§ Prompt:
The entries below must be copied exactly as they are.

§ Task material:
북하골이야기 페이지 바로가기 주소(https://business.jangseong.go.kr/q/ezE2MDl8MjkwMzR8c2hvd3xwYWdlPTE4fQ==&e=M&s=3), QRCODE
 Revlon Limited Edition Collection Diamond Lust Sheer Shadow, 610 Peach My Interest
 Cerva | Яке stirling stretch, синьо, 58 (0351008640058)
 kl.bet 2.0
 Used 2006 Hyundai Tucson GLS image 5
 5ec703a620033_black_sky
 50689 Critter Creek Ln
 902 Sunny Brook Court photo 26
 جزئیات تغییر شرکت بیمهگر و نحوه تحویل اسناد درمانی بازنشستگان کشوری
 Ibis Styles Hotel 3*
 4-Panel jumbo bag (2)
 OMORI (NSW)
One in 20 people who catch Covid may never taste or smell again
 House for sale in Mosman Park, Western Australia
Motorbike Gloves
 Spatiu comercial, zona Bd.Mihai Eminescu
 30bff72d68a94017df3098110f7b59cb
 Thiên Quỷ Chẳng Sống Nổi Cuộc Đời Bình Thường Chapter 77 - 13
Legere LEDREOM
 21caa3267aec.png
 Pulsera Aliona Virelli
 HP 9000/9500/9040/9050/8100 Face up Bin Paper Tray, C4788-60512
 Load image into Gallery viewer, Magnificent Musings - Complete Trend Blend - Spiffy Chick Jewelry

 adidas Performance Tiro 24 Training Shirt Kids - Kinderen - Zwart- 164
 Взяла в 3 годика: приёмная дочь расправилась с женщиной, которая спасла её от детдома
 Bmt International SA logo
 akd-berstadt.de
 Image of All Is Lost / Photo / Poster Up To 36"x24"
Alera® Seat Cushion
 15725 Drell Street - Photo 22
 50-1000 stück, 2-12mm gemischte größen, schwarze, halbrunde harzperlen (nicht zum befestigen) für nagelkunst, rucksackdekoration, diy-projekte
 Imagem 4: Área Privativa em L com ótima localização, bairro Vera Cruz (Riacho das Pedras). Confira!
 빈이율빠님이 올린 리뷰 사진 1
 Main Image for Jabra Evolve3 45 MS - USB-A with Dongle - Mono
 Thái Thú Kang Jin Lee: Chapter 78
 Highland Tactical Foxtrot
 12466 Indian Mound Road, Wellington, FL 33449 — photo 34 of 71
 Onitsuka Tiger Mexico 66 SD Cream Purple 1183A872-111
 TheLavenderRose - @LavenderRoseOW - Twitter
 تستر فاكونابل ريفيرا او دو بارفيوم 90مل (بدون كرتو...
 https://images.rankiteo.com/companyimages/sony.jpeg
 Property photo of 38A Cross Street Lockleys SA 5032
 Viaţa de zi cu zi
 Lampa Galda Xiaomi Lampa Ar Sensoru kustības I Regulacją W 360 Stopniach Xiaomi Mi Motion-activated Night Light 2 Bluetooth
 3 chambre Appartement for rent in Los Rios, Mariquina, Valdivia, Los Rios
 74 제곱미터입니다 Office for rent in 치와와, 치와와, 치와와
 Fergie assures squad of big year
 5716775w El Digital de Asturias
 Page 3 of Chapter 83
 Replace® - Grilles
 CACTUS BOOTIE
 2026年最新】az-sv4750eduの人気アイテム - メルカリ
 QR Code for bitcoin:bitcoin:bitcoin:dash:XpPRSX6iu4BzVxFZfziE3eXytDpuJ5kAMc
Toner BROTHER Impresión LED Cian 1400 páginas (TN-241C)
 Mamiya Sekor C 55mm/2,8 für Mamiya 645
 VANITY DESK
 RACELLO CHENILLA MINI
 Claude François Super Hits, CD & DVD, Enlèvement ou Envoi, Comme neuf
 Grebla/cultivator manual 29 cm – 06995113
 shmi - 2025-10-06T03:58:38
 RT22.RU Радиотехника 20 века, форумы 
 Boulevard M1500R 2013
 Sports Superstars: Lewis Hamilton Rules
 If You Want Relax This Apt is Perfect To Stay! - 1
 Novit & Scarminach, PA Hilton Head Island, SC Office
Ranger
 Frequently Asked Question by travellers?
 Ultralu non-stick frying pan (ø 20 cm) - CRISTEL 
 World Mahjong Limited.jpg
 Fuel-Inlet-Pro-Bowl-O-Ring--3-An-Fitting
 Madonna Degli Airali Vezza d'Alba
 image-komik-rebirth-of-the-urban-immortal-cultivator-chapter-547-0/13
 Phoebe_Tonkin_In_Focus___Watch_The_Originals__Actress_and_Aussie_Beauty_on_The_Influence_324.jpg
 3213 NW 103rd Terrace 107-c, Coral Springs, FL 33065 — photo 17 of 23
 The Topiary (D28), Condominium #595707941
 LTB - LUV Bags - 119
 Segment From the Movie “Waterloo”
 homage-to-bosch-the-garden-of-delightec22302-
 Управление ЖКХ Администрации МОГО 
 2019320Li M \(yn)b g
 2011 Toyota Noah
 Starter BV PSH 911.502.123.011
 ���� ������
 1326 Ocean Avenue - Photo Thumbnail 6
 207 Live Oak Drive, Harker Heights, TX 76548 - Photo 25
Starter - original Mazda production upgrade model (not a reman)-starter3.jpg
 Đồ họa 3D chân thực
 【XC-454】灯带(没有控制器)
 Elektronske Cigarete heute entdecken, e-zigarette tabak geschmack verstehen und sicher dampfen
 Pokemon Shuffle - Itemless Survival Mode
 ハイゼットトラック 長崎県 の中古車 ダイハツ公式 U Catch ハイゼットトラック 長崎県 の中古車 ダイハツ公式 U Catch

§ Your solution:
북하골이야기 페이지 바로가기 주소(https://business.jangseong.go.kr/q/ezE2MDl8MjkwMzR8c2hvd3xwYWdlPTE4fQ==&e=M&s=3), QRCODE
 Revlon Limited Edition Collection Diamond Lust Sheer Shadow, 610 Peach My Interest
 Cerva | Яке stirling stretch, синьо, 58 (0351008640058)
 kl.bet 2.0
 Used 2006 Hyundai Tucson GLS image 5
 5ec703a620033_black_sky
 50689 Critter Creek Ln
 902 Sunny Brook Court photo 26
 جزئیات تغییر شرکت بیمهگر و نحوه تحویل اسناد درمانی بازنشستگان کشوری
 Ibis Styles Hotel 3*
 4-Panel jumbo bag (2)
 OMORI (NSW)
One in 20 people who catch Covid may never taste or smell again
 House for sale in Mosman Park, Western Australia
Motorbike Gloves
 Spatiu comercial, zona Bd.Mihai Eminescu
 30bff72d68a94017df3098110f7b59cb
 Thiên Quỷ Chẳng Sống Nổi Cuộc Đời Bình Thường Chapter 77 - 13
Legere LEDREOM
 21caa3267aec.png
 Pulsera Aliona Virelli
 HP 9000/9500/9040/9050/8100 Face up Bin Paper Tray, C4788-60512
 Load image into Gallery viewer, Magnificent Musings - Complete Trend Blend - Spiffy Chick Jewelry

 adidas Performance Tiro 24 Training Shirt Kids - Kinderen - Zwart- 164
 Взяла в 3 годика: приёмная дочь расправилась с женщиной, которая спасла её от детдома
 Bmt International SA logo
 akd-berstadt.de
 Image of All Is Lost / Photo / Poster Up To 36"x24"
Alera® Seat Cushion
 15725 Drell Street - Photo 22
 50-1000 stück, 2-12mm gemischte größen, schwarze, halbrunde harzperlen (nicht zum befestigen) für nagelkunst, rucksackdekoration, diy-projekte
 Imagem 4: Área Privativa em L com ótima localização, bairro Vera Cruz (Riacho das Pedras). Confira!
 빈이율빠님이 올린 리뷰 사진 1
 Main Image for Jabra Evolve3 45 MS - USB-A with Dongle - Mono
 Thái Thú Kang Jin Lee: Chapter 78
 Highland Tactical Foxtrot
 12466 Indian Mound Road, Wellington, FL 33449 — photo 34 of 71
 Onitsuka Tiger Mexico 66 SD Cream Purple 1183A872-111
 TheLavenderRose - @LavenderRoseOW - Twitter
 تستر فاكونابل ريفيرا او دو بارفيوم 90مل (بدون كرتو...
 https://images.rankiteo.com/companyimages/sony.jpeg
 Property photo of 38A Cross Street Lockleys SA 5032
 Viaţa de zi cu zi
 Lampa Galda Xiaomi Lampa Ar Sensoru kustības I Regulacją W 360 Stopniach Xiaomi Mi Motion-activated Night Light 2 Bluetooth
 3 chambre Appartement for rent in Los Rios, Mariquina, Valdivia, Los Rios
 74 제곱미터입니다 Office for rent in 치와와, 치와와, 치와와
 Fergie assures squad of big year
 5716775w El Digital de Asturias
 Page 3 of Chapter 83
 Replace® - Grilles
 CACTUS BOOTIE
 2026年最新】az-sv4750eduの人気アイテム - メルカリ
 QR Code for bitcoin:bitcoin:bitcoin:dash:XpPRSX6iu4BzVxFZfziE3eXytDpuJ5kAMc
Toner BROTHER Impresión LED Cian 1400 páginas (TN-241C)
 Mamiya Sekor C 55mm/2,8 für Mamiya 645
 VANITY DESK
 RACELLO CHENILLA MINI
 Claude François Super Hits, CD & DVD, Enlèvement ou Envoi, Comme neuf
 Grebla/cultivator manual 29 cm – 06995113
 shmi - 2025-10-06T03:58:38
 RT22.RU Радиотехника 20 века, форумы 
 Boulevard M1500R 2013
 Sports Superstars: Lewis Hamilton Rules
 If You Want Relax This Apt is Perfect To Stay! - 1
 Novit & Scarminach, PA Hilton Head Island, SC Office
Ranger
 Frequently Asked Question by travellers?
 Ultralu non-stick frying pan (ø 20 cm) - CRISTEL 
 World Mahjong Limited.jpg
 Fuel-Inlet-Pro-Bowl-O-Ring--3-An-Fitting
 Madonna Degli Airali Vezza d'Alba
 image-komik-rebirth-of-the-urban-immortal-cultivator-chapter-547-0/13
 Phoebe_Tonkin_In_Focus___Watch_The_Originals__Actress_and_Aussie_Beauty_on_The_Influence_324.jpg
 3213 NW 103rd Terrace 107-c, Coral Springs, FL 33065 — photo 17 of 23
 The Topiary (D28), Condominium #595707941
 LTB - LUV Bags - 119
 Segment From the Movie “Waterloo”
 homage-to-bosch-the-garden-of-delightec22302-
 Управление ЖКХ Администрации МОГО 
 2019320Li M \(yn)b g
 2011 Toyota Noah
 Starter BV PSH 911.502.123.011
 ���� ������
 1326 Ocean Avenue - Photo Thumbnail 6
 207 Live Oak Drive, Harker Heights, TX 76548 - Photo 25
Starter - original Mazda production upgrade model (not a reman)-starter3.jpg
 Đồ họa 3D chân thực
 【XC-454】灯带(没有控制器)
 Elektronske Cigarete heute entdecken, e-zigarette tabak geschmack verstehen und sicher dampfen
 Pokemon Shuffle - Itemless Survival Mode
 ハイゼットトラック 長崎県 の中古車 ダイハツ公式 U Catch ハイゼットトラック 長崎県 の中古車 ダイハツ公式 U Catch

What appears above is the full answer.